(Data extracts)
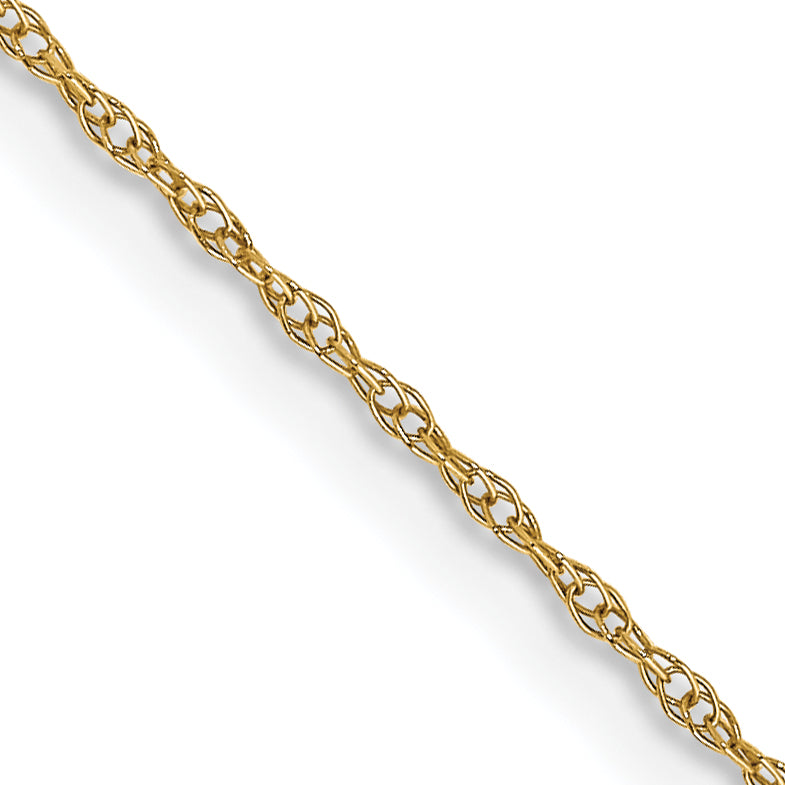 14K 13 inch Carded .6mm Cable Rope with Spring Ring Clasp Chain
(End Data extracts)
(Data extracts)
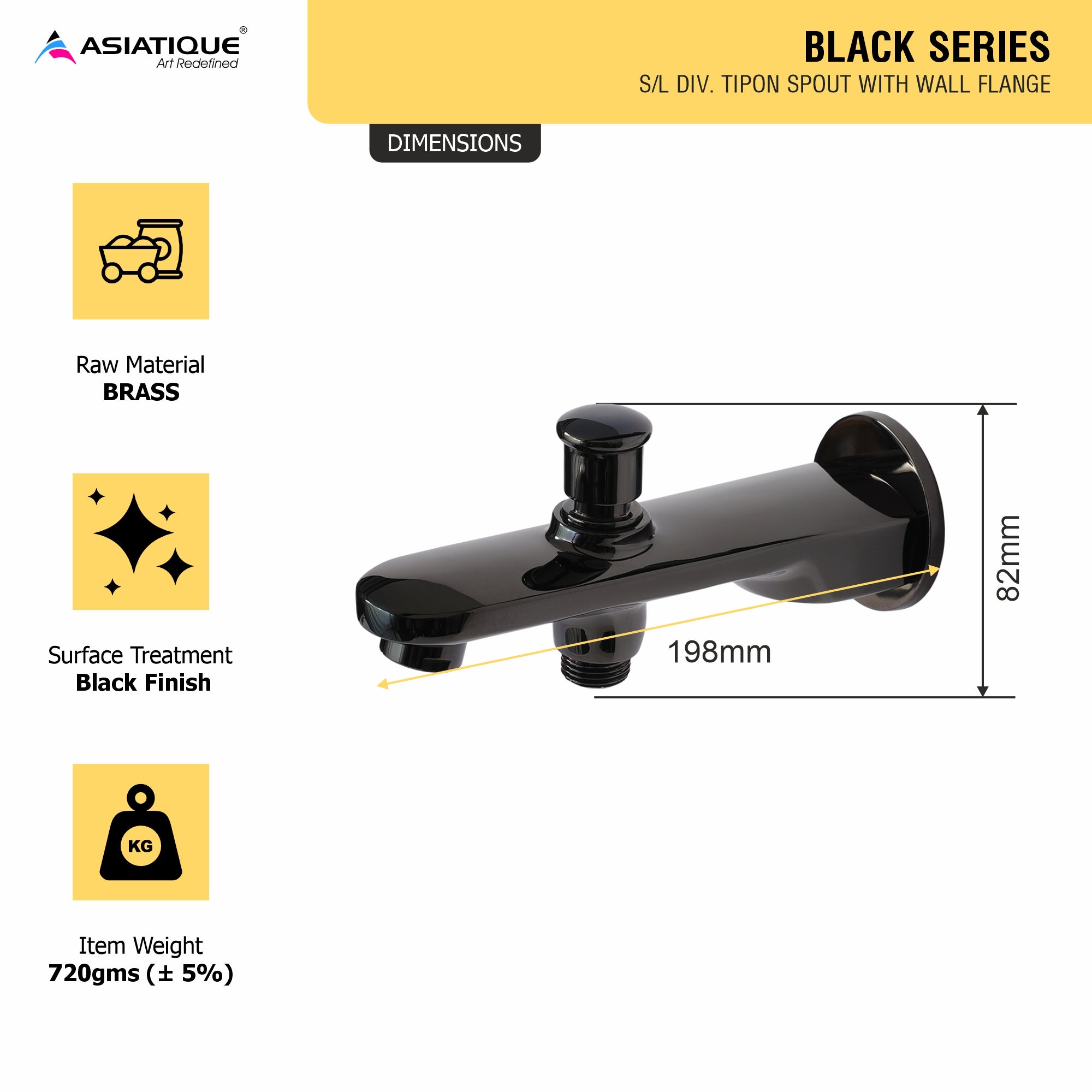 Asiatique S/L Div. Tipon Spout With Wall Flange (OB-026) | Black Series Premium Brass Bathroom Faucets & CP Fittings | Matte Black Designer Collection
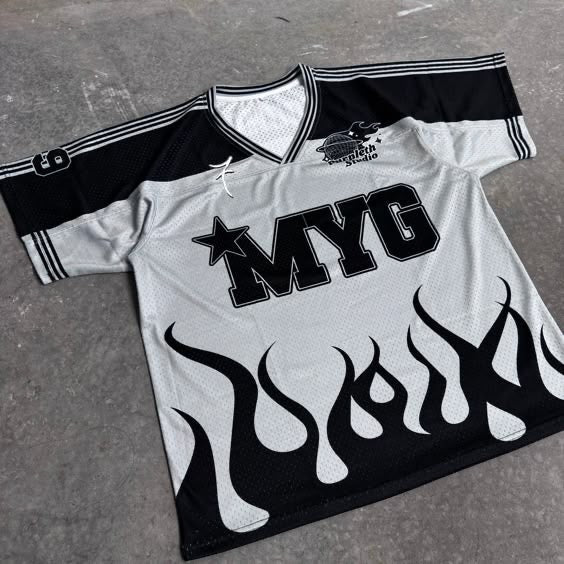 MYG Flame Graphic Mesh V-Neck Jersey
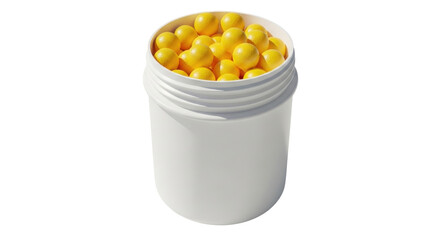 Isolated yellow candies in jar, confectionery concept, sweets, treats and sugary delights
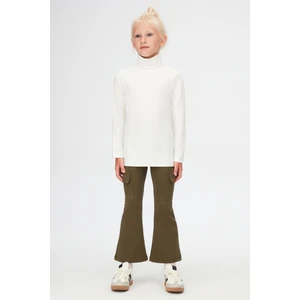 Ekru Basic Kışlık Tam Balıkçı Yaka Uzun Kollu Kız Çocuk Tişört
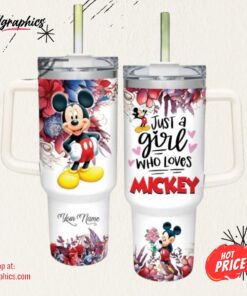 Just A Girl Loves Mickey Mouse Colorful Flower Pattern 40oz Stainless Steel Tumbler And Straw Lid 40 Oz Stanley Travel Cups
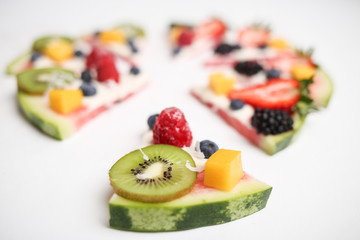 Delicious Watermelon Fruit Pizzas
(End Data extracts)
(Data extracts)
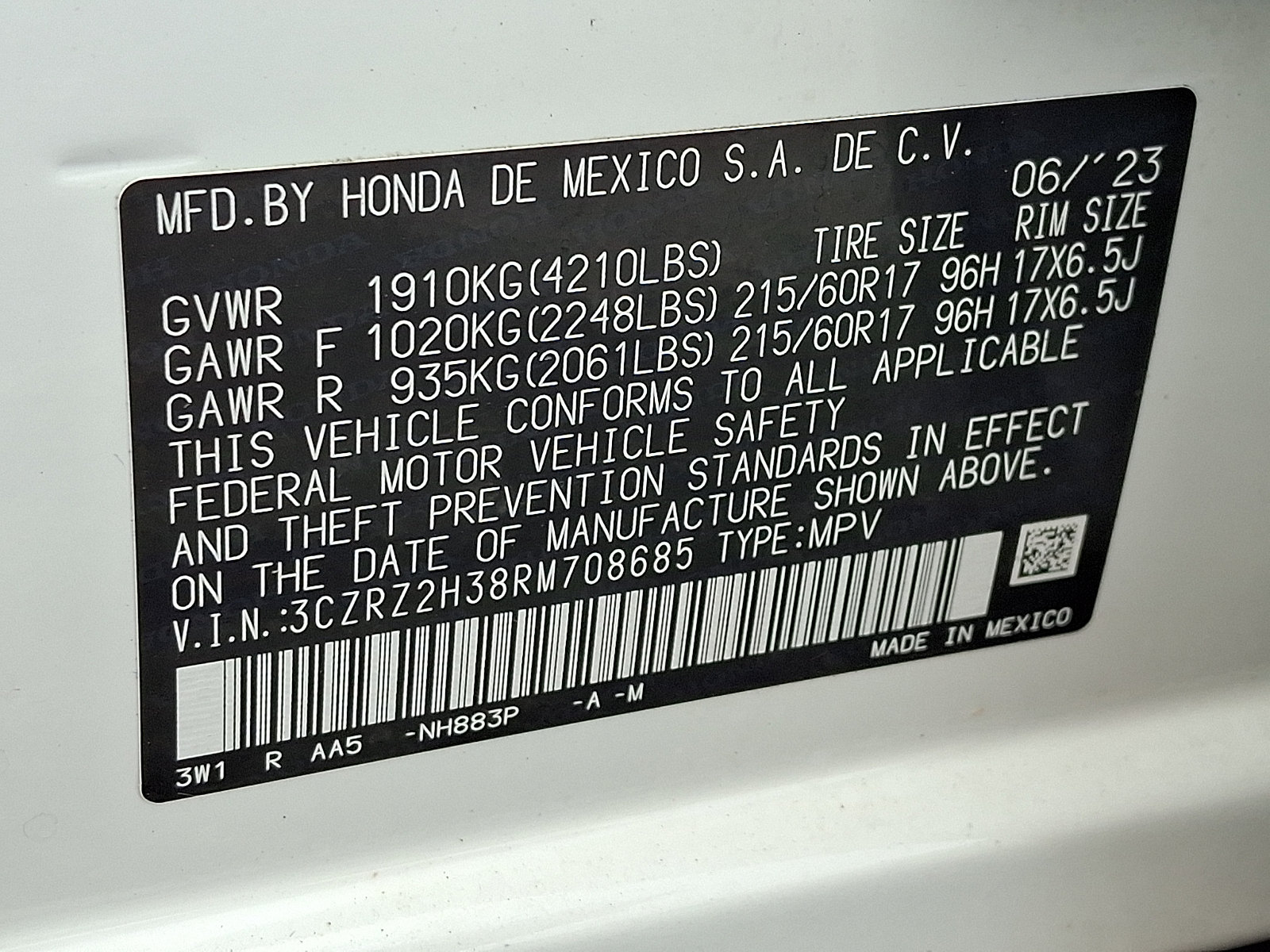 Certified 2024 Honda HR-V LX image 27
(End Data extracts)
Directions. With the pictures omitted, copy the entries above exactly from the line containing "Isolated yellow candies" through the line containing "Delicious Watermelon Fruit Pizzas", both lines included.

Answer section.
 Isolated yellow candies in jar, confectionery concept, sweets, treats and sugary delights
 Ekru Basic Kışlık Tam Balıkçı Yaka Uzun Kollu Kız Çocuk Tişört
 Just A Girl Loves Mickey Mouse Colorful Flower Pattern 40oz Stainless Steel Tumbler And Straw Lid 40 Oz Stanley Travel Cups
 Delicious Watermelon Fruit Pizzas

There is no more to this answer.